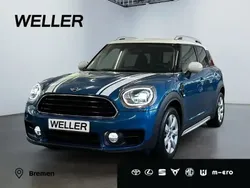 Blau Gebraucht 2018 Mini Cooper Countryman SUV | 16.980 € (Superpreis)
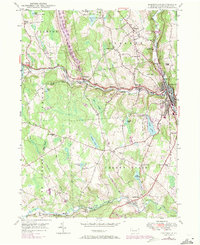 Download a high-resolution, GPS-compatible USGS topo map for Honesdale, PA (1971 edition)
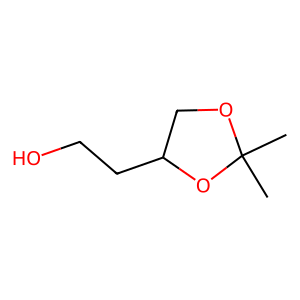 CAS: 5754-34-7 | OR74889 | 2-(2,2-Dimethyl-1,3-dioxolan-4-yl)ethanol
^^^^^^^^^^^^^^^^
_Problem description_.
Write the material out again exactly as it appears, dropping the pictures.

_Your response_.
 Blau Gebraucht 2018 Mini Cooper Countryman SUV | 16.980 € (Superpreis)
 Download a high-resolution, GPS-compatible USGS topo map for Honesdale, PA (1971 edition)
 CAS: 5754-34-7 | OR74889 | 2-(2,2-Dimethyl-1,3-dioxolan-4-yl)ethanol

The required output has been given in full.